─── INPUT MATERIAL ───
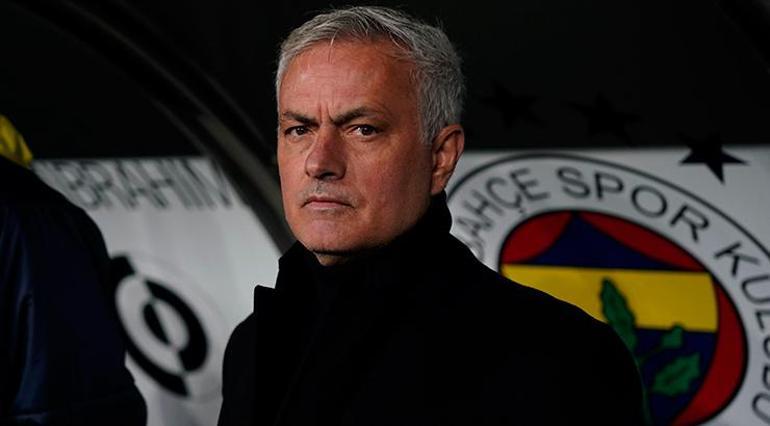 fenerbahceden galatasaray macina dev prim ali koc derbi icin gozunu karartti 0 nv5J3Lf3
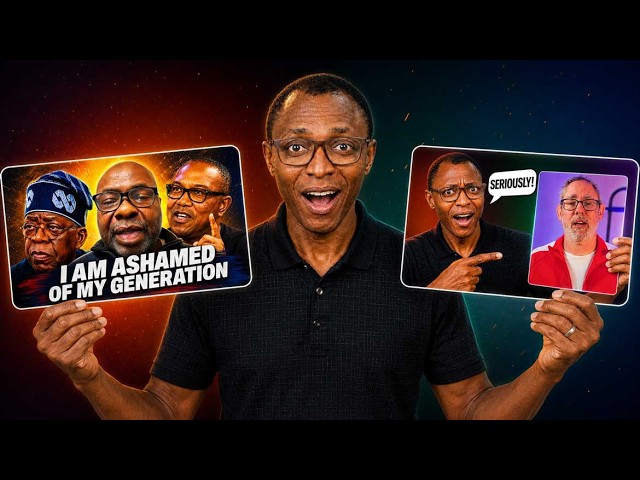 How to Create Thumbnails with ChatGPT for FREE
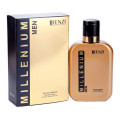 Millenium Men 100ml JFenzi - Perfume para hombre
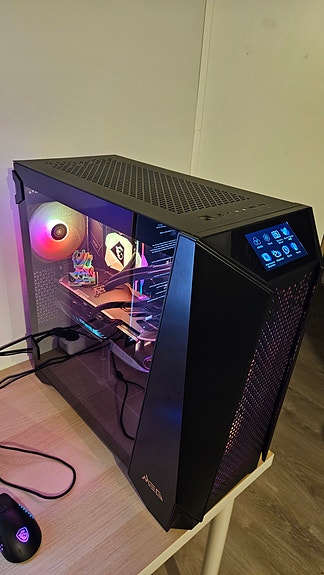 Product image 2 of 7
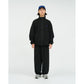 AS×FS FLEECE TRACK SUIT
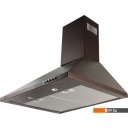 Вытяжки Akpo Classic Eco 60 WK-4 (медь)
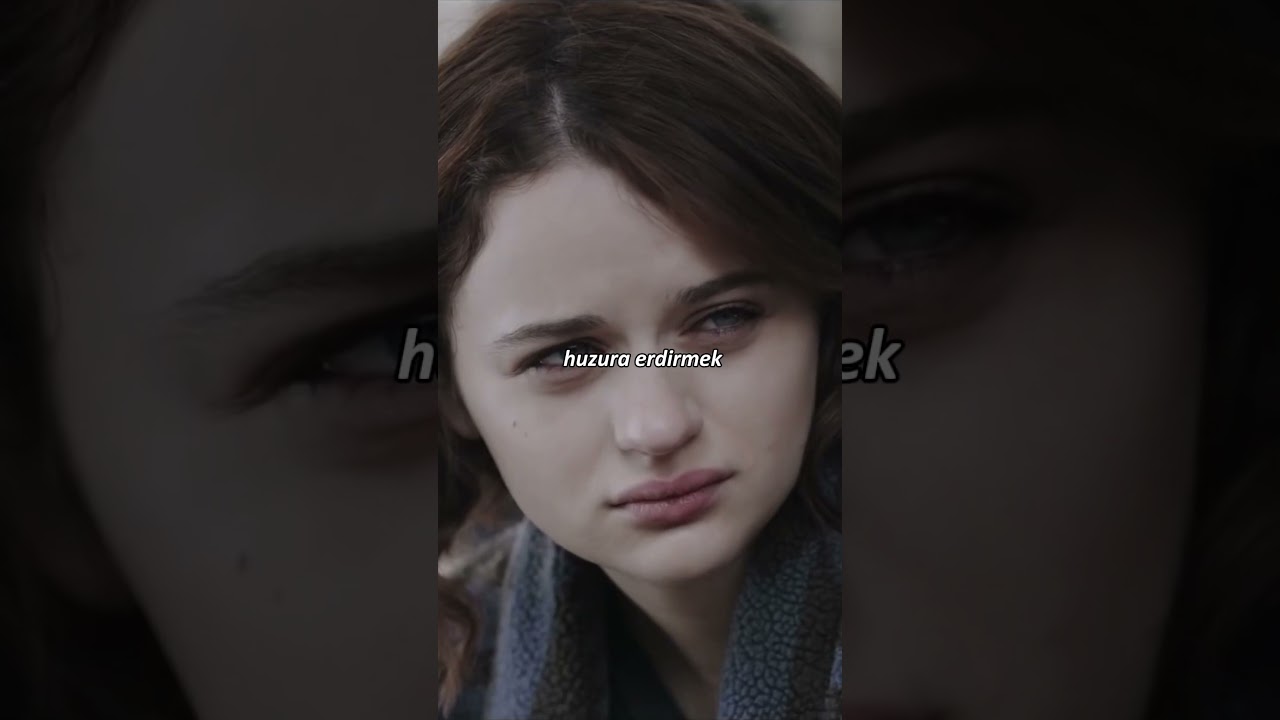 Kazada Kaybettiğiniz Sevgiliniz Sizinle İletişim Kurmaya Çalışırsa 💑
───
### [WHAT THE TASK REQUIRES]
Exclude the images and reproduce the remaining data exactly.

### [RESULT]
 fenerbahceden galatasaray macina dev prim ali koc derbi icin gozunu karartti 0 nv5J3Lf3
 How to Create Thumbnails with ChatGPT for FREE
 Millenium Men 100ml JFenzi - Perfume para hombre
 Product image 2 of 7
 AS×FS FLEECE TRACK SUIT
 Вытяжки Akpo Classic Eco 60 WK-4 (медь)
 Kazada Kaybettiğiniz Sevgiliniz Sizinle İletişim Kurmaya Çalışırsa 💑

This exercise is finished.